Au-delà de ses travaux en sociologie du droit réalisés à partir de son expérience dans la favela de « Jacarezinho » à Rio de Janeiro et dans lesquels il développe les concepts de « droit des opprimés », et de pluralisme juridique, Boaventura de Sousa Santos élabore au cours de ses recherches ce qu’il appelle l’épistémologie du Sud. C’est-à-dire une théorie de la connaissance, non pas d’un Sud géographique, mais d’un Sud compris comme l’ensemble des lieux exclus et opprimés par le patriarcat et le capitalisme marchand, désignés comme le Nord. Il s’agit pour lui de mettre progressivement en évidence les aspects invisibles, oubliés, écartés, sous l’oppression d’une monoculture qui gaspille l’expérience humaine. Quant à la science critique, elle doit combiner pour lui une « sociologie des absences » et une « sociologie des émergences ». « Alors que la sociologie des absences élargit le domaine des expériences sociales déjà disponibles, la sociologie des émergences élargit le domaine des expériences sociales possibles. Les deux sociologies sont étroitement associées, car plus d’expériences sont disponibles aujourd’hui dans le monde, plus d’expériences sont possibles dans le futur. Plus large est la réalité crédible, plus large est le champ des indices crédibles et des futurs possibles et concrets. » Face à la fragmentation des projets progressistes dans le monde, Boaventura de Sousa Santos appelle dernièrement dans un essai à la construction « d’apprentissages globaux » pour pouvoir « envisager des nouvelles alternatives d’union, tant au niveau national qu’au niveau international », à la gauche politique. Loin de vouloir promouvoir un modèle, l’approche de Boaventura de Sousa Santos vise, dans un contexte où les démocraties meurent démocratiquement, à souligner l’urgence et l’importance d’alliances et d’apprentissages transnationaux innovants .

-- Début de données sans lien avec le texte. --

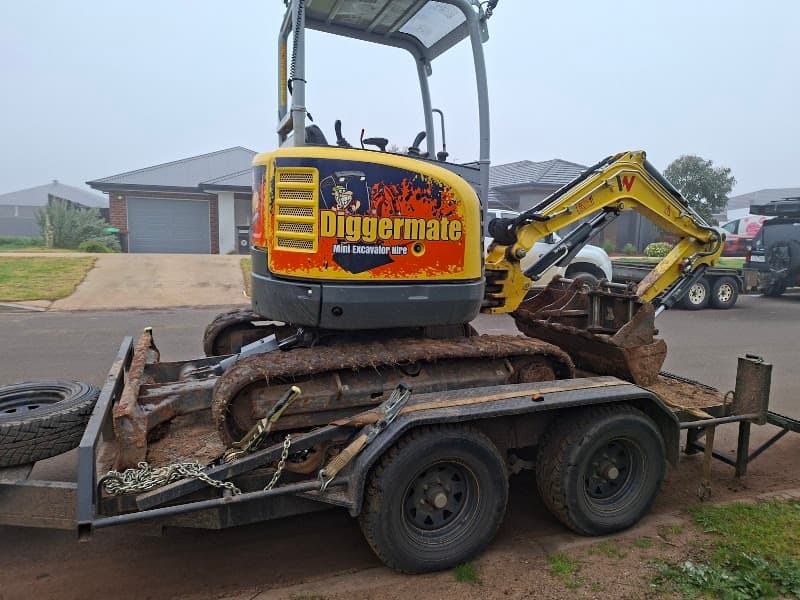 Diggermate Mini Excavator Hire Bendigo demolition work in Eaglehawk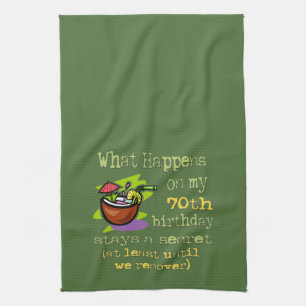 70. Geburtstags-Party-Geschenke. Was auf meinem Handtuch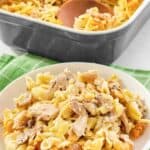 A serving of a casserole with tuna, noodles, and buttery cracker topping.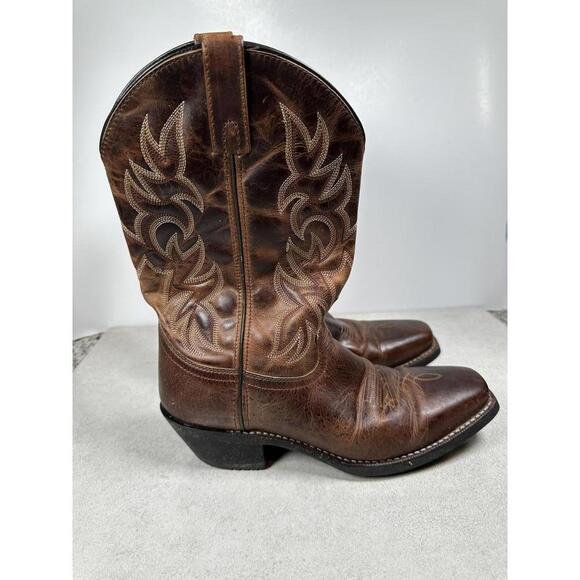 Laredo Men’s 10D Brown Leather Western Cowboy Boots Square Toe Rodeo Work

Propos recueillis par Thomas Miessen


 

  1. http://alice.ces.uc.pt/en/
    2. http://www.worker-participation.eu/portugal.
    3. Littéralement, « le bidule », « le truc » ou « le machin », la « geringonça » désigne la coalition de gauche au pouvoir au Portugal depuis 2015.

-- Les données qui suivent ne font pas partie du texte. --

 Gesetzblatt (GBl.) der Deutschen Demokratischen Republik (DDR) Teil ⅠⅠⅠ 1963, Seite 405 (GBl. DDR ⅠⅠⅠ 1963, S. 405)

    4. Tous ces éléments font actuellement partie du débat préélectoral des législatives portugaises qui auront lieu
    le 6 octobre 2019.
    5. http://futureswewant.net/erik-olin-wright-real-utopias/
    6. Boaventura de Sousa Santos identifie 5 formes de monocultures : (1) Monoculture du savoir scientifique, (2) monoculture du progrès et du temps linéaire écartant les autres temporalités, (3) monoculture du « monde développé » face aux autres, des hiérarchies et des classifications sociales (classe, ethnie, genre) (4) monoculture de la productivité écartant les autres formes de création de biens et de services, et (5) monoculture de l’universel (le global comme dominant sur le local). Face à ces 5 formes de monoculture, Boaventura de Sousa Santos propose : (1) une écologie des savoirs établissant un dialogue entre les différentes formes de savoir, (2) une écologie de temporalité plurielle, (3) une écologie des reconnaissances, (4) une écologie des productions et distributions et (5) une écologie transniveaux valorisant le local comme les autres niveaux, notamment dans leur résistance à la mondialisation hégémonique.